Over the past decade, we’ve seen enrollment in AP courses jump dramatically. Both government subsidies and ratings of schools’ performance encourage high AP enrollment. Maryland could be the poster child for this, with over half their public school students graduating with at least one AP class under their belt. The state has expanded AP to schools with disproportionately high numbers of disadvantaged kids, aiming to provide them with more opportunities to succeed.
This approach seems to have caught on with 41 other states who received a total of $28 million in federal grants last year to subsidize the fees for low-income students to take AP exams. State and federal taxpayers have poured $400 million into AP over the past decade alone. With its massive expansion, AP has become the gold standard for public high school performance and academic rigor, with even many struggling schools now offering at least one AP course.
Academic Rigor, Without AP?
Some schools argue that they can get all of the college prep advantage of AP exams without participating in the AP program. Students who are performing exceedingly well in a regular course are encouraged to take the AP exam. And they do well.
Over the past decade, a growing number of important and influential dissenters have openly rebelled against the College Board.
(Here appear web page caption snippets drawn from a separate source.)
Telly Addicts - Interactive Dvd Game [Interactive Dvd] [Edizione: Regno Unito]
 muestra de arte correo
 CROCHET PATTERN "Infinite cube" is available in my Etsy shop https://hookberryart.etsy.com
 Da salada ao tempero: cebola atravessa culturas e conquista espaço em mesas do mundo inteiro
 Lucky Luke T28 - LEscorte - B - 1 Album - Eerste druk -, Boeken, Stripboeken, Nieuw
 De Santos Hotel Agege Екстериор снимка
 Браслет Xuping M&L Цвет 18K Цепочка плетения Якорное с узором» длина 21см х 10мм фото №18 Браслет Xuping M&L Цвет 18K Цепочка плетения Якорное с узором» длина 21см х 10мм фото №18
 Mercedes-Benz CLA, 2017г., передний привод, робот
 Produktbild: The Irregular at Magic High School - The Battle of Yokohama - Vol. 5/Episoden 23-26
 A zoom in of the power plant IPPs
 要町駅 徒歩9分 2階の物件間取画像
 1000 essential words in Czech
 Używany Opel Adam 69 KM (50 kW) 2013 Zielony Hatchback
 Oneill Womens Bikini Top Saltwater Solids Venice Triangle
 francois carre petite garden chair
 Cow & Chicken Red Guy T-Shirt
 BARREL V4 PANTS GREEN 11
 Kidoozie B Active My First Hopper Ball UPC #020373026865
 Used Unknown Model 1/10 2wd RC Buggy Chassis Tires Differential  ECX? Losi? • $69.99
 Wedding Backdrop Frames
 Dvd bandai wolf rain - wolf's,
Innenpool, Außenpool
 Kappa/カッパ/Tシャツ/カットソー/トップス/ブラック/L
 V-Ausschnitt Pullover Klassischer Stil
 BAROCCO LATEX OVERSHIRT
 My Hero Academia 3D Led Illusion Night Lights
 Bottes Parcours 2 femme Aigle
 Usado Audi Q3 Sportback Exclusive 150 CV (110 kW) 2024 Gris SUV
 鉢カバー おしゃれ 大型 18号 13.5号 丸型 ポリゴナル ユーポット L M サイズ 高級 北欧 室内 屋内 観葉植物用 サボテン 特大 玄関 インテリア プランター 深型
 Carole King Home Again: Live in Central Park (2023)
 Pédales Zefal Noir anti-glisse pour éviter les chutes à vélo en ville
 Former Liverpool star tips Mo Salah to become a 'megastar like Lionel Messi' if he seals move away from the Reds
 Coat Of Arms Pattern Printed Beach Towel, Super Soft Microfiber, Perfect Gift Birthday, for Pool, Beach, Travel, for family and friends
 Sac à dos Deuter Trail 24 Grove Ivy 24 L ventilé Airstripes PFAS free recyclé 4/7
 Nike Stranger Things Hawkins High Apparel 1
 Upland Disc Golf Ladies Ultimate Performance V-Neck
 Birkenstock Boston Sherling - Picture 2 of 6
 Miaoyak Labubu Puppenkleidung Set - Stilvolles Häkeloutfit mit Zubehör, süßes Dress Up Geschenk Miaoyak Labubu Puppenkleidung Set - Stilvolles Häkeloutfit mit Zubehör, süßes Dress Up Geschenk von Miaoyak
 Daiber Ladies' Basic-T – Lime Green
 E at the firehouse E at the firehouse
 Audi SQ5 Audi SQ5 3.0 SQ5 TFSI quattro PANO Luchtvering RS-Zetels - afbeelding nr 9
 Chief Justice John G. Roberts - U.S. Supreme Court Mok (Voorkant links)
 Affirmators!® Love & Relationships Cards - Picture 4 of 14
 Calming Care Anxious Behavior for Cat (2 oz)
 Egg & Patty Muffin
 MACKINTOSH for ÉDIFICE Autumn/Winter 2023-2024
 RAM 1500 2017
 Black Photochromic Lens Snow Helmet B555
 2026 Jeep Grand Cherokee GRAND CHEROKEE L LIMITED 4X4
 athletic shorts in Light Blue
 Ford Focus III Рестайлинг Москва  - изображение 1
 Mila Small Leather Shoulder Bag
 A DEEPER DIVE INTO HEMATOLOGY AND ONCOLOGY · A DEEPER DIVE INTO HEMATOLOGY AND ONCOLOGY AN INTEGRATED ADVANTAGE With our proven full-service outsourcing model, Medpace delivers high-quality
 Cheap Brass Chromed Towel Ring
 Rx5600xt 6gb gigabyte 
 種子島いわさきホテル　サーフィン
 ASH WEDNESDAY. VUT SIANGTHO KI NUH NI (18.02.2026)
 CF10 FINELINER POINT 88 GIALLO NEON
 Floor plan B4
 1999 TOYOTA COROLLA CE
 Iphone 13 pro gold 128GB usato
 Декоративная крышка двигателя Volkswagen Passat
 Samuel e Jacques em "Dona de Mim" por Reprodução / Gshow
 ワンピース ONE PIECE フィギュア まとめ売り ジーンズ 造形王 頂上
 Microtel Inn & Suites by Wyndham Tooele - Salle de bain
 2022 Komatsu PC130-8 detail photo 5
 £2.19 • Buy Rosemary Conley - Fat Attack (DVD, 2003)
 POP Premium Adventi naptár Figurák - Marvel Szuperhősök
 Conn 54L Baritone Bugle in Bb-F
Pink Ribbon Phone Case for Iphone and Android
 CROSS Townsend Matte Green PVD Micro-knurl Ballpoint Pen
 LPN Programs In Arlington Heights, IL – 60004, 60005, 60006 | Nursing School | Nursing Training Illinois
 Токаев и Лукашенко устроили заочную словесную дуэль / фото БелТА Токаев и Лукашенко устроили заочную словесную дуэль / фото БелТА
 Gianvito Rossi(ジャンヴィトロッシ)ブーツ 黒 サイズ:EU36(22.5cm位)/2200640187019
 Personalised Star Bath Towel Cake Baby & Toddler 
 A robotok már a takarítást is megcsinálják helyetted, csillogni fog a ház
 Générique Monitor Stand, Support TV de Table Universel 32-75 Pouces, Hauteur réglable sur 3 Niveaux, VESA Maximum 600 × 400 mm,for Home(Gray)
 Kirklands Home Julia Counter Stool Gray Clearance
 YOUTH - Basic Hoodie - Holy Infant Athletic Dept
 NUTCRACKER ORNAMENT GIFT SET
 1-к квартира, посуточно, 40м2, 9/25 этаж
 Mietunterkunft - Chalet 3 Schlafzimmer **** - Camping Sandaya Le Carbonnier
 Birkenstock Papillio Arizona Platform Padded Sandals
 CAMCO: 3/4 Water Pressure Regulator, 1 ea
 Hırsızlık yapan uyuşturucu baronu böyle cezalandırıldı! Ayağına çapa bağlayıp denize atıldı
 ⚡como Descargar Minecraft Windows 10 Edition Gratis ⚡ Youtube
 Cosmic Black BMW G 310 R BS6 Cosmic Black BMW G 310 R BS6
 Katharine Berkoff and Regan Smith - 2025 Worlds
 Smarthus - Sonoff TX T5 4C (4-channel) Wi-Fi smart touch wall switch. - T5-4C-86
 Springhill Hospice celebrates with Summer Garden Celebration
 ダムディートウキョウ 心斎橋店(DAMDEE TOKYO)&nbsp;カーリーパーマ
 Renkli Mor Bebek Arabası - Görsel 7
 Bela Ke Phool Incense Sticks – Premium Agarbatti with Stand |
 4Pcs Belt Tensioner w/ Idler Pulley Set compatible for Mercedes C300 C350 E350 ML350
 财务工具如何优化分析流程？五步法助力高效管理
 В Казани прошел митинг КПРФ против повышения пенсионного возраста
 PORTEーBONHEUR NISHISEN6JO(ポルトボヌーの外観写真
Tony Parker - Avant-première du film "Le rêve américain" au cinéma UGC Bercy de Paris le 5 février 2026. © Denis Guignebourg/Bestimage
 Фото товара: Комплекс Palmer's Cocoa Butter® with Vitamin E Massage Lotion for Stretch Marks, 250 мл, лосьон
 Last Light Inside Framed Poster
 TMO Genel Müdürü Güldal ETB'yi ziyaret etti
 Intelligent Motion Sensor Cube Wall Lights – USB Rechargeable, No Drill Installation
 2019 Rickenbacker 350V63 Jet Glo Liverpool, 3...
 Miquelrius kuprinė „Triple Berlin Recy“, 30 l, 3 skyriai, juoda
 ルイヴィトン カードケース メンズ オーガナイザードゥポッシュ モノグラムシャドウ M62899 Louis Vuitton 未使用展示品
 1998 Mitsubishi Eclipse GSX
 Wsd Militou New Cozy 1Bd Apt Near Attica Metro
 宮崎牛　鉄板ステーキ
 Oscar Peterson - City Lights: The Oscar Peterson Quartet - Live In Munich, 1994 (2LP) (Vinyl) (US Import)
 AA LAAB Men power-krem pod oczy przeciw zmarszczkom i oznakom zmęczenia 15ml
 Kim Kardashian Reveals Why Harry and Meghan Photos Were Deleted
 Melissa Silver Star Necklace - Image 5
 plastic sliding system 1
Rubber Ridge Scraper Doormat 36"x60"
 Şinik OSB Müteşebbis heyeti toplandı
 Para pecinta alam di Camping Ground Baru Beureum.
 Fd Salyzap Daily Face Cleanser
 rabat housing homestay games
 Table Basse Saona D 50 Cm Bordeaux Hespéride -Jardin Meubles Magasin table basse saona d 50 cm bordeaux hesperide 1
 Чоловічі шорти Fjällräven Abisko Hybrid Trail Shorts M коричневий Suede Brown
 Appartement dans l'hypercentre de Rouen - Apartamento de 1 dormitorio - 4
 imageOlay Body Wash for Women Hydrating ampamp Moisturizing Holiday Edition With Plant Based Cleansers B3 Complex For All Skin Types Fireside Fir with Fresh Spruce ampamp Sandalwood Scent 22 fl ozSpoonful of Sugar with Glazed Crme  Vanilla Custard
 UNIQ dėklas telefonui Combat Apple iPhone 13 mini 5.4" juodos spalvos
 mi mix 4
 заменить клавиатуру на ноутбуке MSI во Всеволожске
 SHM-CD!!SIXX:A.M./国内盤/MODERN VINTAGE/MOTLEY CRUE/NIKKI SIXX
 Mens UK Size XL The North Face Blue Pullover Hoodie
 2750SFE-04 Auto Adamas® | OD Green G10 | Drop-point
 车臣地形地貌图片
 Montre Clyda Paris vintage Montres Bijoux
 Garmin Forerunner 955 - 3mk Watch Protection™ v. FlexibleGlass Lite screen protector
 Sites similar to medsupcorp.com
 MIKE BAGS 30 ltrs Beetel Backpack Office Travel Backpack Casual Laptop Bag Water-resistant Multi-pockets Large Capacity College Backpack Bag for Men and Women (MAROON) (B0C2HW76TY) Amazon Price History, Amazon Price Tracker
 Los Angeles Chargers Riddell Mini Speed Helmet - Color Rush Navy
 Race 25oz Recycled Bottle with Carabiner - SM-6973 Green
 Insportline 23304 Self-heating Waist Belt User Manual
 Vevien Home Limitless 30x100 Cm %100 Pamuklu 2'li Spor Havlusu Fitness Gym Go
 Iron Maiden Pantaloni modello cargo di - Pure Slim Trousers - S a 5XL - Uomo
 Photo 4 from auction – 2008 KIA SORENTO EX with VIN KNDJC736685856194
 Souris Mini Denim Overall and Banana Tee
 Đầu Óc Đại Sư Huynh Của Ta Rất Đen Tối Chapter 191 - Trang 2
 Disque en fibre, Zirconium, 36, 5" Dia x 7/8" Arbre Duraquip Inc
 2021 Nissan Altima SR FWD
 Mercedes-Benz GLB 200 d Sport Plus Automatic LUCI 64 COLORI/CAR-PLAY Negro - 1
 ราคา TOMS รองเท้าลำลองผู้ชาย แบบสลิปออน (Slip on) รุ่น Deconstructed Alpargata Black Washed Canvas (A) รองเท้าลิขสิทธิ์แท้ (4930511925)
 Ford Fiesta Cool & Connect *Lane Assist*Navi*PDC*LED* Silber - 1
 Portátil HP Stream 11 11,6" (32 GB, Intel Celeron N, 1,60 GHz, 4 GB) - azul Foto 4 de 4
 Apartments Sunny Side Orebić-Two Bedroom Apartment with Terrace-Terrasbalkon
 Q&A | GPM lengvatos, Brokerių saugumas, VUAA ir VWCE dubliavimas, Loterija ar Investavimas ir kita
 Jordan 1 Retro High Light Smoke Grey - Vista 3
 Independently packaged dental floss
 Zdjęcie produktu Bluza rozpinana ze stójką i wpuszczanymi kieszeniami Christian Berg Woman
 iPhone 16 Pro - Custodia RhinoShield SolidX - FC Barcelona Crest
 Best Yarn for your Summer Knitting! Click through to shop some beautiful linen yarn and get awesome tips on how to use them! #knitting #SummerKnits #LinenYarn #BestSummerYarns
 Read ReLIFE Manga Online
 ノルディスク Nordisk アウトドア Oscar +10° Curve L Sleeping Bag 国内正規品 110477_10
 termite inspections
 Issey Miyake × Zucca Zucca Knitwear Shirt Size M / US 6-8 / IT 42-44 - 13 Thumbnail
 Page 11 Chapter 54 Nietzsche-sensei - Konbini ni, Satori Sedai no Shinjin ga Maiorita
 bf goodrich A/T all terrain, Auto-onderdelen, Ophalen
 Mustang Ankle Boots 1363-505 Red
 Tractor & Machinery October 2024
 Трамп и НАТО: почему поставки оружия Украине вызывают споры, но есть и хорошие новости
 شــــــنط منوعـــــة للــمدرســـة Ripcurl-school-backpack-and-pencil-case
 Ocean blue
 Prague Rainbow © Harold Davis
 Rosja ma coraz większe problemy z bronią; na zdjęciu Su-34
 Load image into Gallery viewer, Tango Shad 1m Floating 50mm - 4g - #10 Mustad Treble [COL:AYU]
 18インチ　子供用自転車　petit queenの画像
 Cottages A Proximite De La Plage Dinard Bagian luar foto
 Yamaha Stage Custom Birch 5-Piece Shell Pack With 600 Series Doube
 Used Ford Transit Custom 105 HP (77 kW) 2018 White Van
They include the Independent Curriculum Group, which is an alliance of leading college preparatory schools that emphasizes site-based, teacher-generated curricula for advanced courses. The ICG’s primary initiative is to eliminate all Advanced Placement from high school curricula. The group contends that AP forces teachers to conduct superficial and mechanical survey courses. They argue the frantic pace required to cover all the material on an Advanced Placement year-end exam leaves no time for the flexibility and in-depth topic studies conducive to more effective learning.
At the same time, fewer colleges that are accepting AP credit for scores of 3 on the AP exam than once occurred.
Almost a third of the 110 schools who are members of ICG are boarding schools. We’ve highlighted seven of these boarding schools in our documentary series, A Secret World:
- Brooks School (MA)
- St. Andrew’s School (DE)
- St. Andrew’s-Sewanee School (TN)
- Westtown School (PA)
- St. George’s School (RI)
- St. Mark’s School (MA)
- Tabor Academy (MA)
I’m not the first one to raise doubts about the efficacy of Advanced Placement, and I wouldn’t be the last to criticize the College Board for making bank on the shattered dreams of floundering AP pupils. As a nonprofit organization, the College Board is the education industry’s equivalent of the National Football League, with a virtual monopoly on not just Advanced Placement curricula and exams, but also the nearly universally accepted SAT, the ultimate test that can determine whether a student goes to Yale or a state university.
But what is troubling about the College Board, for me, is the whole Advanced Placement approach to education. It isn’t just the low pass rates, which one could simply chalk up to extra high academic standards. It’s the exam-driven teaching and the expense. While there are lots of advantages to the AP, there are also plenty of reasons why some of the leading boarding schools in the country are choosing to offer their own advanced courses instead of the College Board’s AP.